Sekilas kejadian yang mama alami mengingatkanku pada cerita tentang janda miskin yang memberikan dua peser persembahannya (Markus 12: 41-44). Janda itu mampu memberikan semua kepunyaannya kepada Tuhan. Aku sedikit meringis ketika mengingat bahwa aku, atau juga banyak orang Kristen yang memperhitungkan berapa persembahan yang akan diberinya, kemudian meminta banyak hal dari Tuhan.

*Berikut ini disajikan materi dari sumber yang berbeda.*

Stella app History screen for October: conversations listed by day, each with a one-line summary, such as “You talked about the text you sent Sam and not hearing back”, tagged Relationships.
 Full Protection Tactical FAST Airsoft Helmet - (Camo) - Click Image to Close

Kadang ketika memberi persembahan kepada Tuhan, kita seringkali bersikap seperti pelanggan jahit mamaku yang meminta yang terbaik untuk bajunya tetapi enggan membayar harga yang sepadan. Kerap kali kita menuntut yang terbaik dari Tuhan, tetapi kita sendiri tidak mengerjakan bagian kita dengan bertanggung jawab. Kita mampu meluangkan waktu setiap hari untuk bekerja atau bersekolah, tetapi masih mikir-mikir untuk pergi ke gereja di hari Minggu. Kita terlalu sibuk dengan segala urusan kita hingga lupa meluangkan waktu untuk berdoa kepada Tuhan. Namun, ketika kondisi kita berubah dan kita mengalami kesulitan, barulah kita datang kepada Tuhan.
Sesungguhnya, Tuhan tidak melihat seberapa banyak yang kita bisa berikan buat Dia, yang dilihat-Nya adalah kesungguhan hati kita. Sama seperti cerita janda miskin yang memberi dua peser—jumlah yang sangat sedikit bagi orang lain, namun begitu berharga di hadapan Tuhan karena itulah segalanya yang dia miliki. Dua peser menjadi bermakna besar bukan karena nominalnya, tetapi karena sikap hati yang mendasarinya.
Aku ingat ketika mama mengatakan, “Persembahan itu bukan dari besarnya jumlah yang kita berikan, melainkan dari hati yang bersukacita ketika memberi persembahan kepada Tuhan”. Persembahan juga tidak selalu tentang uang, tetapi kita juga bisa memberikan talenta kita sebagai persembahan yang terbaik bagi Tuhan. Apapun yang terbaik yang kita miliki, berilah itu kepada Tuhan. Karena ketika kita mampu memberi yang terbaik bagi Tuhan, maka Tuhan pun akan memberkati kita dengan berkat-berkat yang melimpah.
Omelan mama sore ini cukup menyadarkanku untuk tidak cuma tahu “menuntut”, tetapi belajar untuk “memberi yang terbaik”, terutama kepada Tuhan.